Section 2. Dissolution Process
a. The Board of Directors shall direct that the question of dissolution be submitted to a vote of the members of such Society. If a majority of the voting members of the Society favor dissolution, the Society shall be dissolved.
b. The Board of Directors shall have full power to wind up and settle the affairs of the Society according to the stipulations of the constitution and bylaws. Upon dissolution of the Society, the Board of Directors shall, after paying or making provision for the payment of all the liabilities of the Society, dispose of all assets of the Society exclusively for the purpose of the Society in such manner, or to such organization or organizations organized and operated exclusively for historical, charitable, or educational purposes as shall at that time qualify as an exempt organization or organizations under section 501 (c) (3) of the Internal Revenue Code of 1954 or the corresponding provisions of any future United States Internal Revenue Law. Any such assets not so disposed of shall be disposed of by the Court of Common Pleas of Lebanon County, exclusively for such purposes or to such organization or organizations, as said Court shall determine, which are organized and operated exclusively for such purposes.

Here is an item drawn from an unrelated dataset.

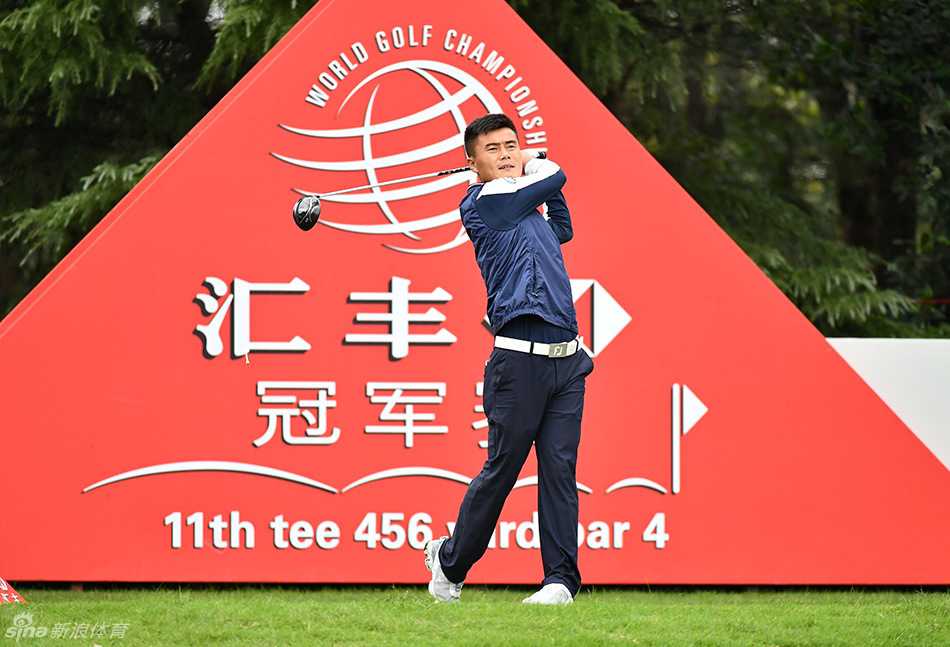 张新军眺望球场，神情坚毅，预示着他将与世界顶级高手同组竞技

ARTICLE X. LIMITATIONS AS A NON-PROFIT CORPORATION
No part of the net earnings of the Society shall inure to the benefit of, or be distributable to, the members of the Board of Directors, except that the Society shall be authorized and empowered to pay reimbursement for reasonable expenses incurred on behalf of the organization.
No substantial part of the activities of the Society shall be the carrying on of propaganda, or otherwise attempting to influence legislation, and the Society shall not participate in, or intervene in (including the publishing or distribution of statements) any political campaign on behalf of any candidate for public office.

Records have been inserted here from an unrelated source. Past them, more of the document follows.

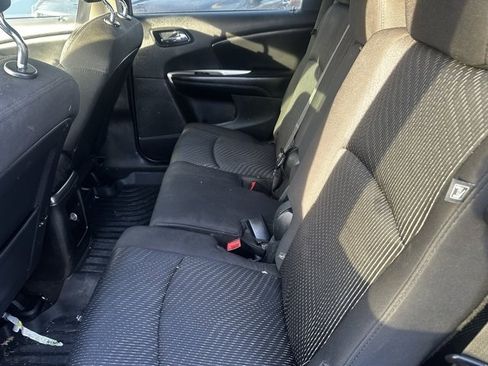 Used 2014 Dodge Journey SXT w/ Flexible Seating Group image 9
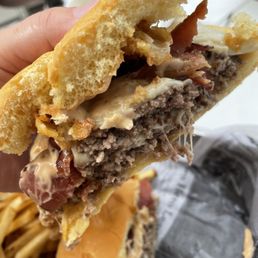 Chipotle Bacon Burger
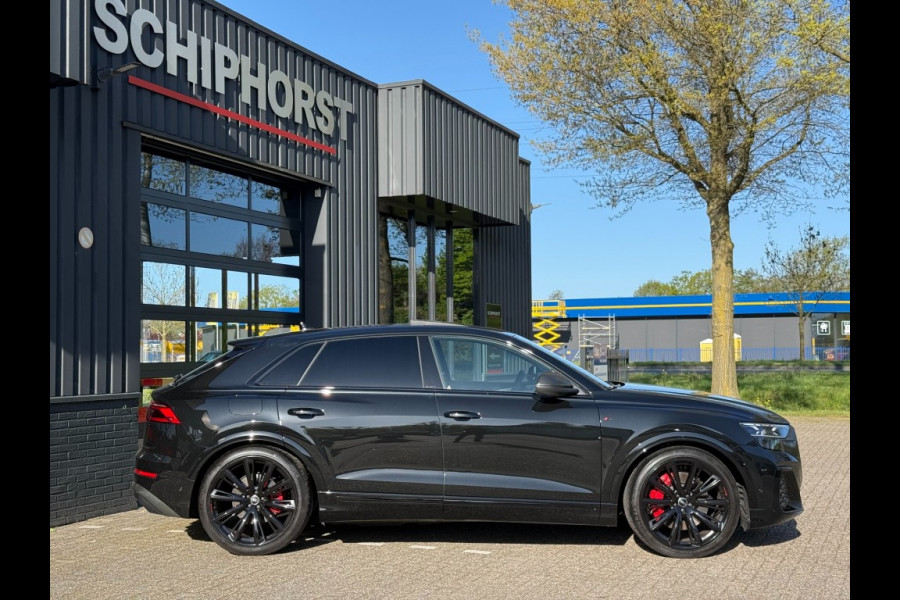 Audi Q8 Q8 55 Tfsi S-LINE Competiton 23 inch soft close RS zetels head-up trekhaak B&O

Notwithstanding any other provision of these articles, the Society shall not carry on any activity not permitted to be carried on (a) by a corporation exempt from Federal income tax under section 501 (c) (3) of the Internal Revenue Code of 1954 (or the corresponding provision of any future United States Internal Revenue Law) or (b) by a corporation contributions to which are deductible under section 170 (c) (2) of the Internal Revenue Code of 1954 (or the corresponding provision of any future United States Internal Revenue Law).
ARTICLE XI. RATIFICATION
These by-laws shall become effective when approved by a two-thirds vote of the members attending either a regular meeting of the Society or a special meeting called for that purpose, at least ten days prior notice having been given in The Landmark.

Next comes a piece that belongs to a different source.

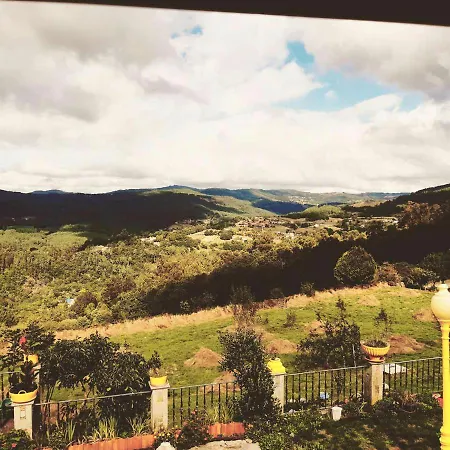 Spacious House With Mountain View In Carboeiro De Francia Сasa de vacaciones
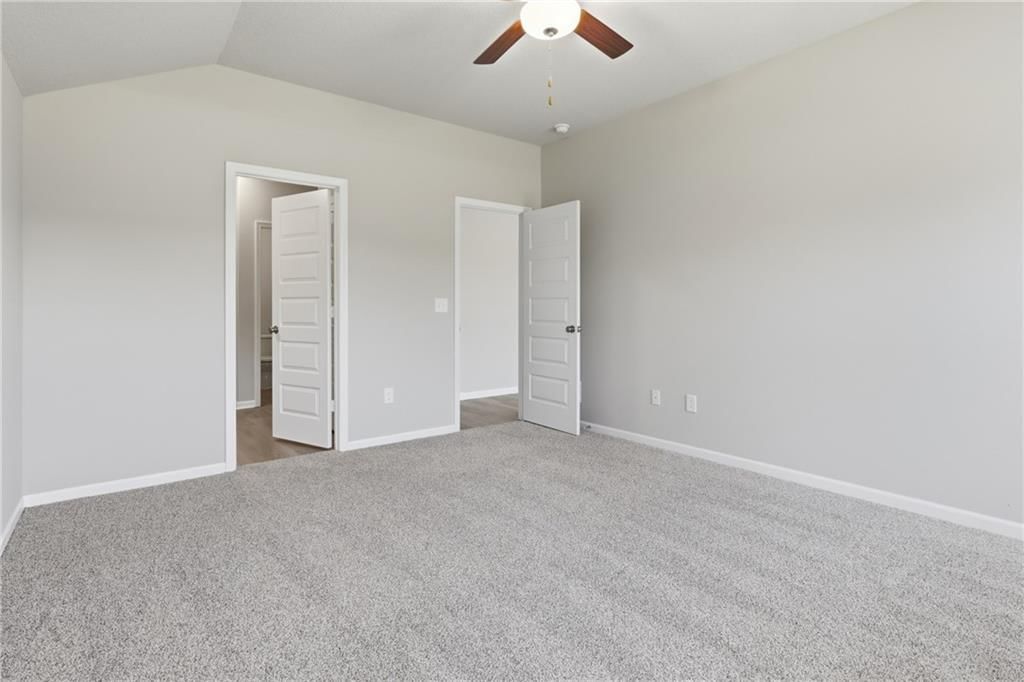826 N Pear Street — photo 16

Amended November 11, 1989 by Board of Directors and approved at the Annual Meeting of the Society.
Amended on November 18, 1999 by Board of Directors and approved at the Annual Meeting of the Society.
Amended on November 7, 2007 by the Board of Directors and approved at Annual Meeting of the Society.
Amended November 11, 2017 by Board of Directors and approved at the Annual Meeting of the Society.
Amended on November 12, 2022 by the Board of Directors and approved at the Annual Meeting of the Society.